I have several hundred books and furniture in my room. And a big pile of boxes of old junk I'm going through, trying to condense to a small pile of boxes of old junk. And most of that stuff is either my ex's, or stories I wrote/pictures I drew/school essays/old letters/etc.

I have a desk with my PC on it, where I do all my writing. That's about it. A very boring book hoarder's room. I think it probably looks completely sexless, tbh.
@geraltofrivia There is a stereotype that men are bigger slobs, but oddly, out of the people I've known, I know more women with messy rooms than men. Like, have-no-idea-what-color-the-carpet-is messy. I've known quite a few guys who are very neat and organized.


----------



## Kilgore Trout (Aug 10, 2014)

truant said:


> @geraltofrivia There is a stereotype that men are bigger slobs, but oddly, out of the people I've known, I know more women with messy rooms than men. Like, have-no-idea-what-color-the-carpet-is messy. I've known quite a few guys who are very neat and organized.

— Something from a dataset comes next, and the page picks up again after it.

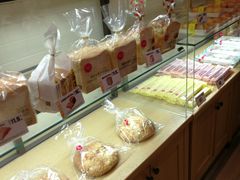 面包甜点陈列柜-味多美蛋糕(西安门店)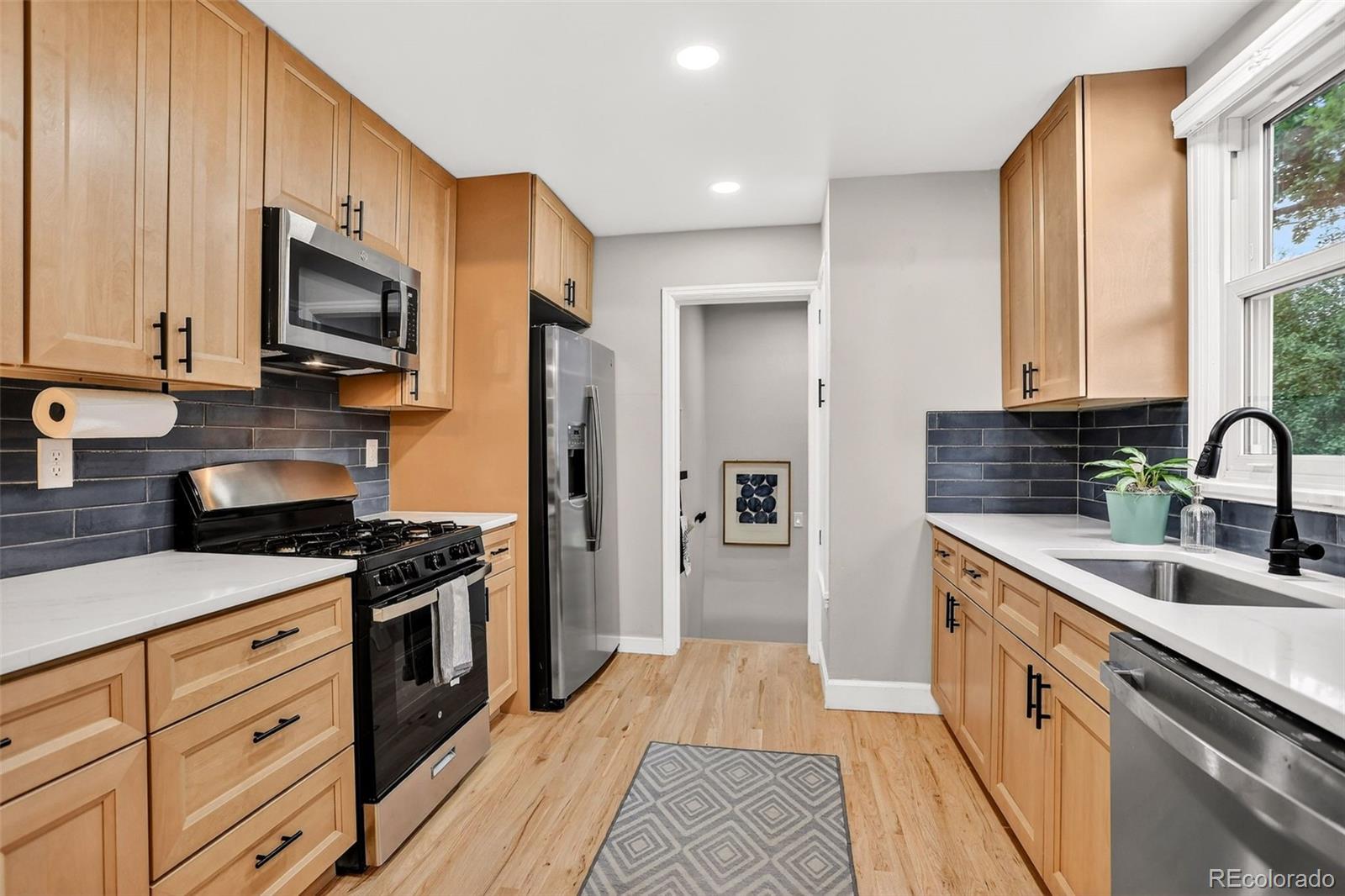 MLS Image #8 for 2732 s downing circle,denver, Colorado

Yeah that's why I said "girls' rooms I've been in" are tidy, because I haven't been in many rooms really.


----------



## Rains (Jan 20, 2016)

Very feminine. I have a bed canopy, sheer curtains, pink bed sheets, lots of romantic / ambient lighting and lamps, a couple of large mirrors (one is a statement piece), rugs with pom poms, some framed pictures (which are more girly than neutral), a small white bed side table, pink wire laundry basket with a mix of obviously girly clothing, some slightly androgynous girl's clothing... and some men's stuff (oversized tshirts mainly) in it. Cosmetic items and jewellery, are in drawers (though I don't have much). I don't have many books (I read, but I dislike collecting physical books because I'm somewhat a minimalist, and my reading needs can be satisfied on tablet or by going to the library) but they're mostly gender neutral. 

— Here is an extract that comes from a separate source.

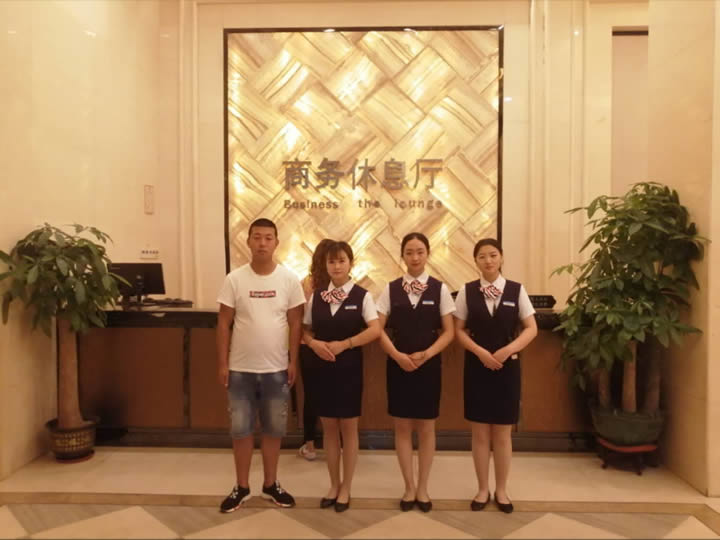广州站贵宾室就业学子李雯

I don't think anyone would ever match my room to me if they judged me by my personality, interests and most of my clothing. I'm far from a stereotypical girly girl. I don't really have many girly interests other than a cursory interest in fashion. I don't spend much time on hair and makeup, and have no interest in it beyond the basics. I also used to hate pink and bed canopies. I remember as a child I had a bed with a canopy built into it and I loathed it so much I got my parents to sell it and get me another not-so-girly one. And my old bedroom was usually in blue, green and even black. So I'm not sure what happened.

I've always been into interior design and a couple of years ago I found myself liking the warmth and comfort of pink, orange and yellows (sunset colours). I tried to suppress it for a while, but then thought f.ck it. I need to do this.

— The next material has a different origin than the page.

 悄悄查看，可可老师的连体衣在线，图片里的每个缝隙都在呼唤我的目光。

So I guess now, I've done a 180, and I'm into romantic and retro girly interiors, long pretty curtains, canopies, huge mirrors and pink accents. Maybe it's just a phase and I'll transform again at some later point.


----------



## Overdrive (Sep 19, 2015)

Cables, cables, cables. Piles of cables.


----------



## Persephone The Dread (Aug 28, 2010)

There are no stereotypes for me I guess... It looks like a cross between a young child's room (many plushies I've not gotten rid of, same in brother's room,) a teenager's room (instruments - keyboard, acoustic guitar, electric guitar and amp, violin and a skateboard, PC with dual monitors, few games consoles, permanantly messy,) and the inside of a rock clubs toilet.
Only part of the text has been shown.